More recently, Sir Tim Berners-Lee, who worked on the original source code that led to the creation of the internet, as we know it today, is seeking to capitalise on his creation by auctioning off this code in the form of an NFT. It will be interesting to see how much this NFT will eventually sell for.
Accounting for your crypto transactions
Cryptoassets may be intangible, but you still need to account for these transactions in the usual way. As such, it’s vital to work closely with your advisers and to record every transaction.

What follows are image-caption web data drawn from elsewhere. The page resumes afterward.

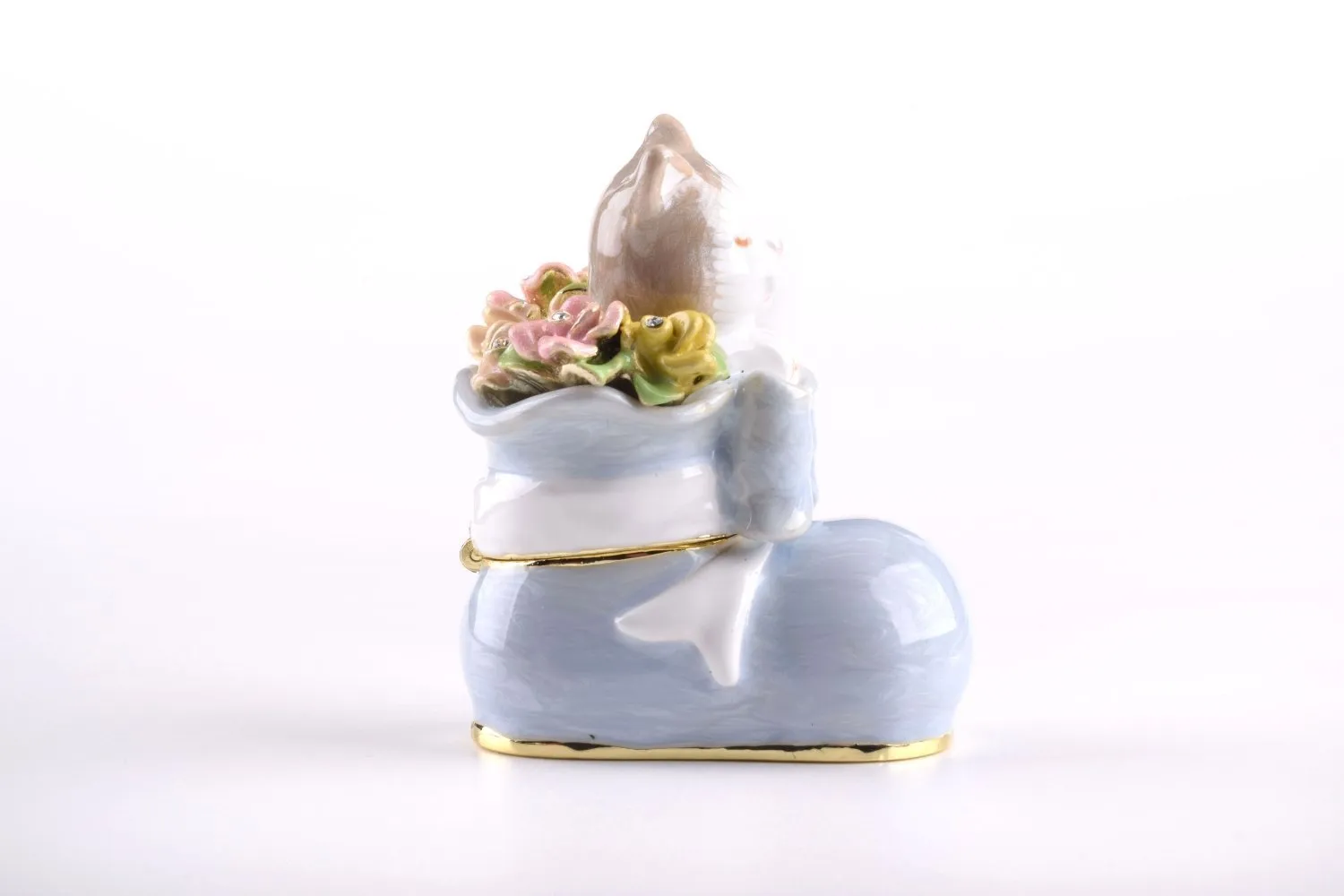 Cat in a Shoe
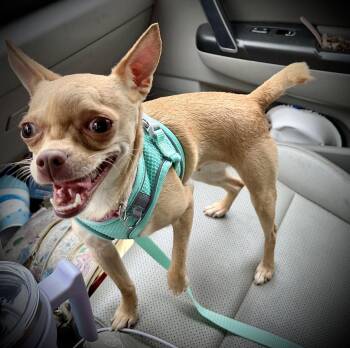 Suzi -  Chihuahua Dog for Adoption in Holly Springs, North Carolina - Suzi | PetCurious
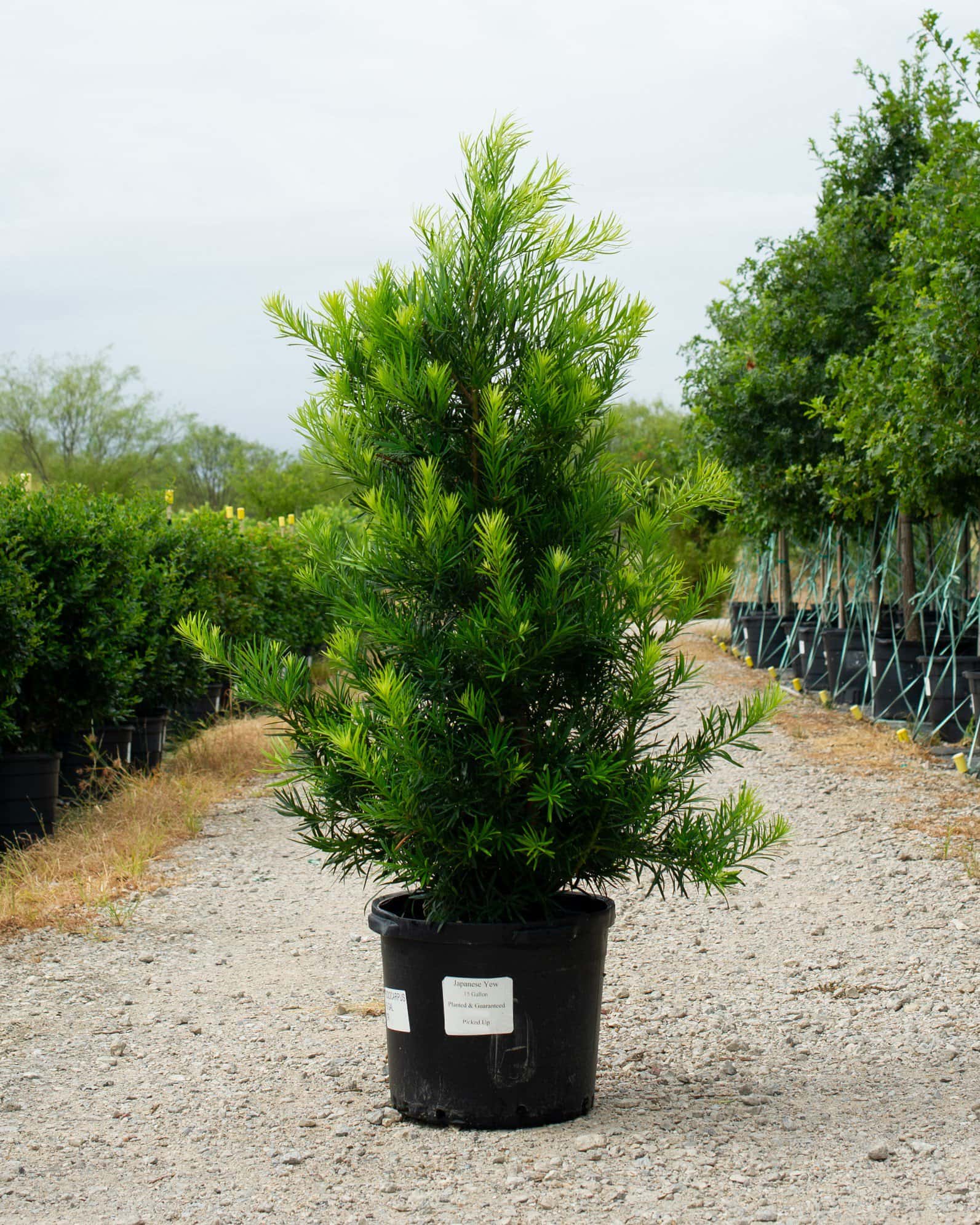 Japanese Yew - Main Image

Any profit that you make from your cryptoassets is likely to be seen as a capital gain, although this is not guaranteed, and can depend on whether you are seen as trading or not. HMRC generally (but not always) sees these gains as an investment, so the outcome will mostly be seen as a capital gain and taxed via the Capital Gains Tax (CGT) system, but as noted above, this is not always the case.
There is also the matter of losses with something as volatile as cryptocurrencies, and losing wallets etc. Of particular note, the founder of a Canadian crypto exchange died and took all knowledge of the private wallets with him – over £105 million (at the time, in 2019) may never be accessed again.
Morbid though it may be, there’s also the question of what happens when you die. Who has access to your crypto keys and the passwords? Cryptoassets can be part of someone’s estate and could be bequeathed to other people in a will, but how do you then access them if you don’t have the private key? Where are the cryptoassets located for tax purposes? Will UK inheritance tax be due on these?